Como realizador audiovisual hizo una treintena de documentales y, en la década de los ochenta, dirigió algunos videoclips de manera particular.
En los ochenta también se reencontró con su maestro y amigo, Alberto Korda. Solo que ahora, el ayudante se había convertido en un gran fotógrafo. “Volvimos a coincidir en el trabajo y la vida”, me contó en una ocasión Figueroa que, además, me narró detalles de ese reencuentro: “Fue el momento en que Cuba entabla nuevamente trabajos para la publicidad, para comercializar sus productos, y recurren a aquellos viejos publicistas y a su vez, ellos buscaron al mejor fotógrafo publicitario, que era Korda. Había que contar con él. Se empiezan a hacer los salones de la moda cubana y recuerdo que él (Korda) hacía los catálogos y yo era quien hacía las fotos de las pasarelas. Era un trabajo muy rico, porque yo seguía asistiendo como en los tiempos de los Estudios pero ya también como fotógrafo, generando ideas al mismo nivel de profesionalidad. Igual que los publicistas llaman al mejor fotógrafo, Korda me llamó a mí, su mejor asistente”.

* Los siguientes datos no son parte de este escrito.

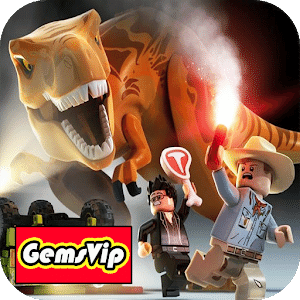 GemsVip of LEGO Jurassic Dinosaurs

Mientras trabajaba a la par con Korda, Figueroa no abandonó sus series fotográficas. Esos proyectos los desarrollaba de acuerdo a los acontecimientos sociales de los que era testigo y se entremezclaban con su vida.

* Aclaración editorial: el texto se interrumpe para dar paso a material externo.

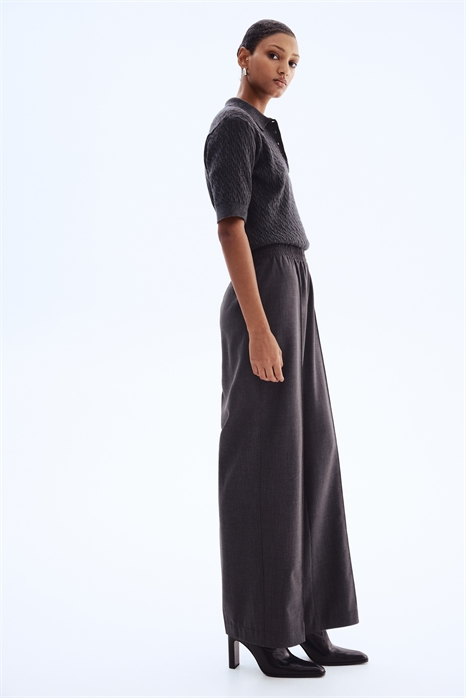 Брюки со складками 1297156003 - Фото 13901632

Una de sus series más conmovedoras lleva por nombre Exilio. Es un registro que inició en 1965, cuando sus familiares comenzaron a irse del país y que, sesenta años después, aún no se cierra. Las primeras fotos tienen a sus primos, a sus tíos y hasta Olga, su mamá, como protagonistas.
A su madre, por ejemplo, Figo la retrata en noviembre de 1967, el día que dejaba definitivamente Cuba. En una primera instantánea en su casa, Olga, en primer plano y frente al espejo, se pinta los labios.
Más tarde, en una segunda foto ya en el aeropuerto, Olga diminuta, en medio de la escena, camina por una pista para abordar el avión hacia Estados Unidos. Olga muy nítida dice adiós y otras manos, fuera de foco y en primer plano, contestan con el mismo gesto.
Treinta años después, en 1991, otra fotografía familiar engrosaba la serie Exilio. Sus primos sentados en el malecón de Key West, el lugar más cercano a Cuba desde los Estados Unidos, contemplando al horizonte, en dirección a la Isla.
En esa misma década de los noventa, pero desde la costa de Cojímar, al este de La Habana, Figo incluyó a otros cubanos en su serié al retratar a un grupo de balseros lanzados al mar. Exilio también comprende el espacio como emblema. En un plano aéreo captó el Malecón de La Habana, donde el muro, el mar bravío y los vestigios de rocas en cruces conforman un monumento para tantas vidas perdidas.
Esa capacidad de conjugar lo estrictamente documental y, a su vez, lo simbólico es una constante en la mirada fotográfica de Figueroa. Así lo sugieren las semblanzas fotográficas en sus recorridos por la Sierra Maestra o, sencillamente, desde el balcón de su antigua casa en la calle 17, en La Habana. De igual forma, lo sugieren las series alrededor de iconografías como el busto de José Martí, la célebre fotografía del Che Guevara de Korda o la bandera cubana.
Esa lucidez para crear sentidos entre la realidad y lo figurado no la dejó de lado para fotografiar cuando lo sorprendieron por azar hechos tan tensos como el devastador atentado a las Torres Gemelas, el 11 de septiembre de 2001.
En esa oportunidad se encontraba en la Universidad de Nueva York con motivo de la exposición colectiva Shifting Tides (Mareas cambiantes). En medio de una ciudad paralizada y en pánico Figueroa sintió que el lugar específico de los hechos no era el objetivo que buscaba sino las avenidas siempre concurridas y ahora desiertas. “Era Nueva York con un miedo que se expresaba en la soledad”, sentenció el fotógrafo.
A sus 75 años Figueroa sigue inquieto. Es un tipo que tiene un poco de Beatle, de Indiana Jones y de Robert Capa. El Figo es todo eso y más. Aunque es un veterano y una leyenda sigue siendo “el más pepillo de los fotógrafos cubanos”.